If you can get this right, then long term success in my mind is much more assured. Why? For me, the answer is that someone else can share the burden of the failures, and you can help each other when one may stop or fail. It is easy to keep going and be positive when things are going well, but when things are going badly you need all the support you can get. Stopping when things fail or go wrong is the easiest thing to do, so a team, in my mind works well.

Having said that, there are times when ones conviction of the right steps to take may become diluted or changed by a partner. This means that communication and dialog between you is essential if you are to benefit from having a partner, so that you can keep discussing the best action to take until the logic and benefits are clear.

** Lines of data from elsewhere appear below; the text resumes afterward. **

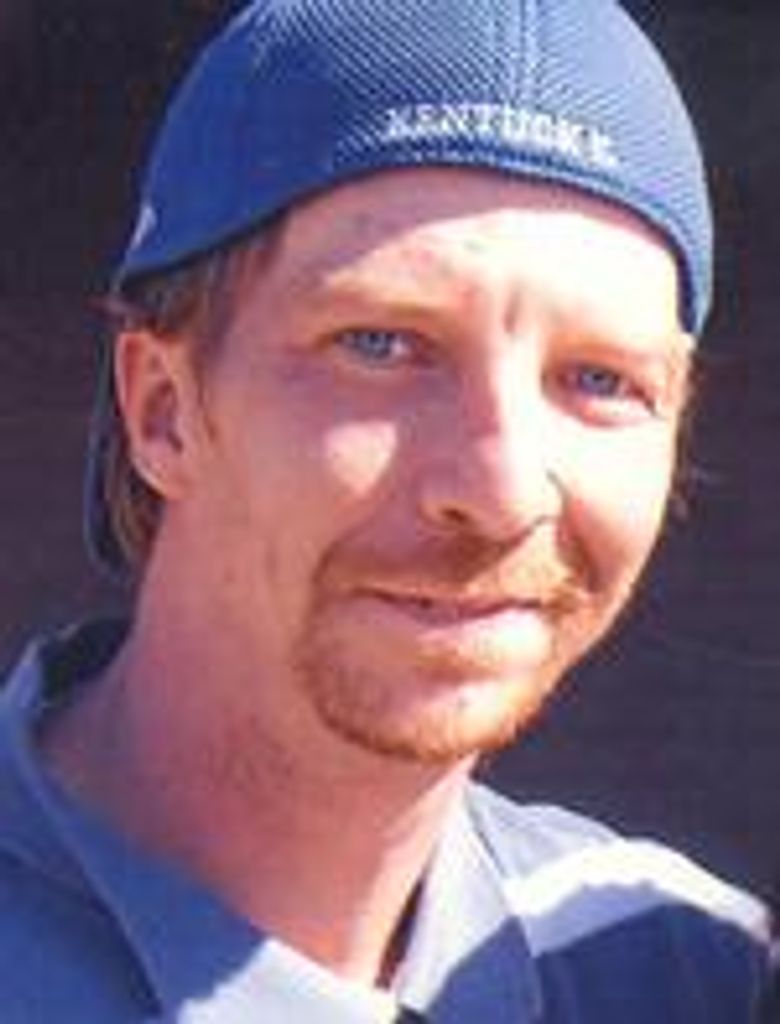 Tommy Patton Profile Photo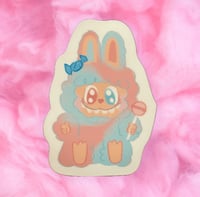 Image 2 of The Silly Stickers 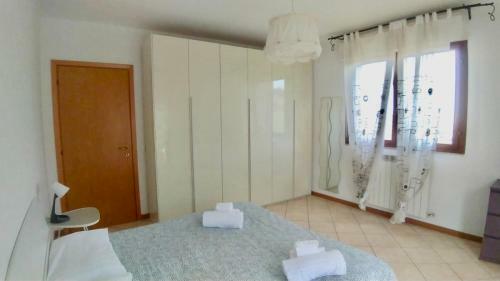 Apartamento Residenza Cleopatra 4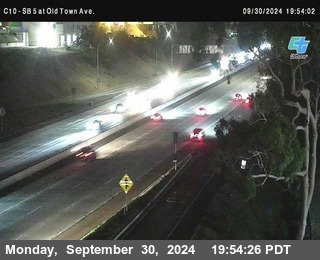 SB 5 at Old Town Ave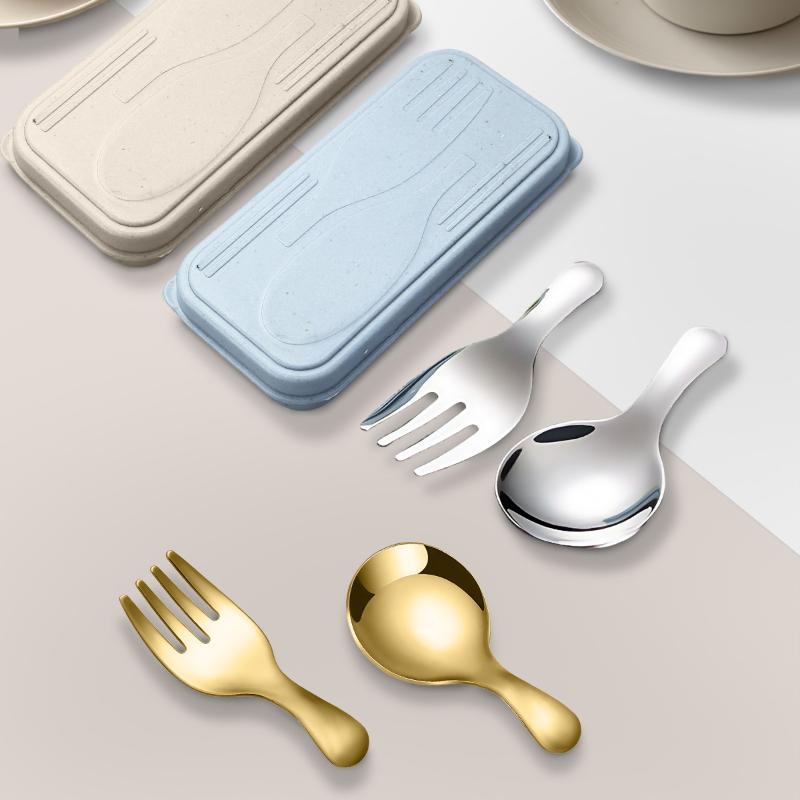 Conjunto de talheres de aço in - Outdoor Camping Cooking Set avaliação e preço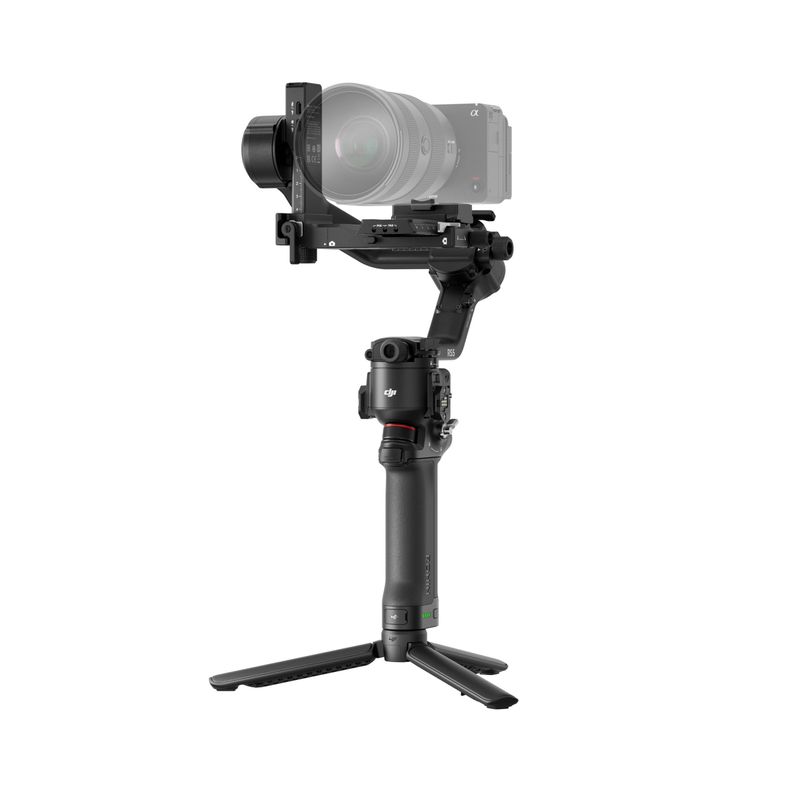 Gimbal DJI RS 5 Negro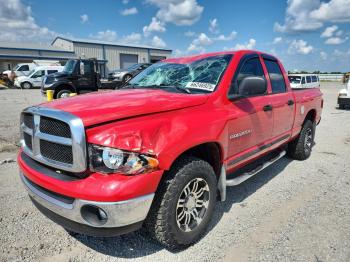  Salvage Dodge Ram 1500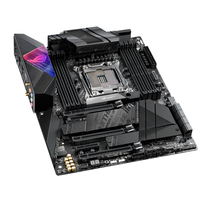 - Multimedia-Technik Mainboards INTEL  - ASUS ROG Strix X299-E Gaming II Intel® X299 LGA 2066 (Socket R4) ATX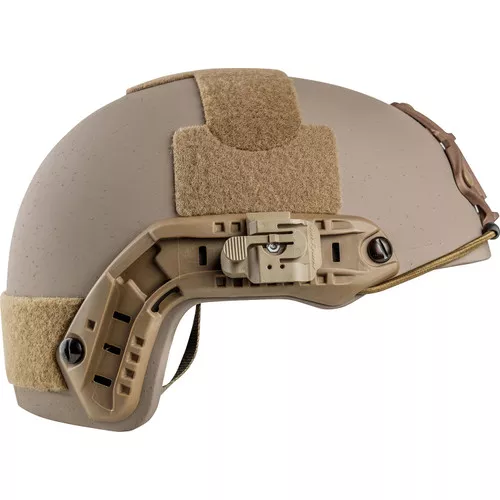 Surefire - HL1 HelmetLight Adapter For Interface With Ops Core Helmets - TAN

Some key points for me are:

  1. You need someone who shares your passion and belief in the product or service you want to provide.
  1. You need someone that can talk honestly and openly to you, and that you can talk openly to them. Many times you can stop going down a blind alley, by listening to someone who has a different point of view.
  1. Ideally you want to have complimentary skills and personalities. For example, I see glasses as half empty, and my business partner sees them as half full. I am very cautious and look at all the things that can go wrong. He looks at the positives. If it was my company alone,  then I would not finish anything, as it would never be quite perfect. If he ran the company alone, I think products would be released too early, without an adequate number of teething problems fixed. Instead, we have arguments, discussions and late nights, finalizing products and putting in the last ounce of extra energy, to make sure we get products out and in as good a release state as is viable. So, you do not always want to agree or always have the same ideas. If that were the case, then there would be much less need for both of you to be in the company – one would do.
  1. Ideally, and I have not had this, you want a third person with business and money experience. In a book I read about Walt Disney, and his early years of unsure growth, his brother was the money man, and Walt was the ideas man. Walt did not have to learn all the ways of the money world, and his brother was able to secure the finances needed to grow the company at each stage. This has been my biggest problem – finding a money man you can trust! I do not have a money man brother – if you do, use their skills to good advantage!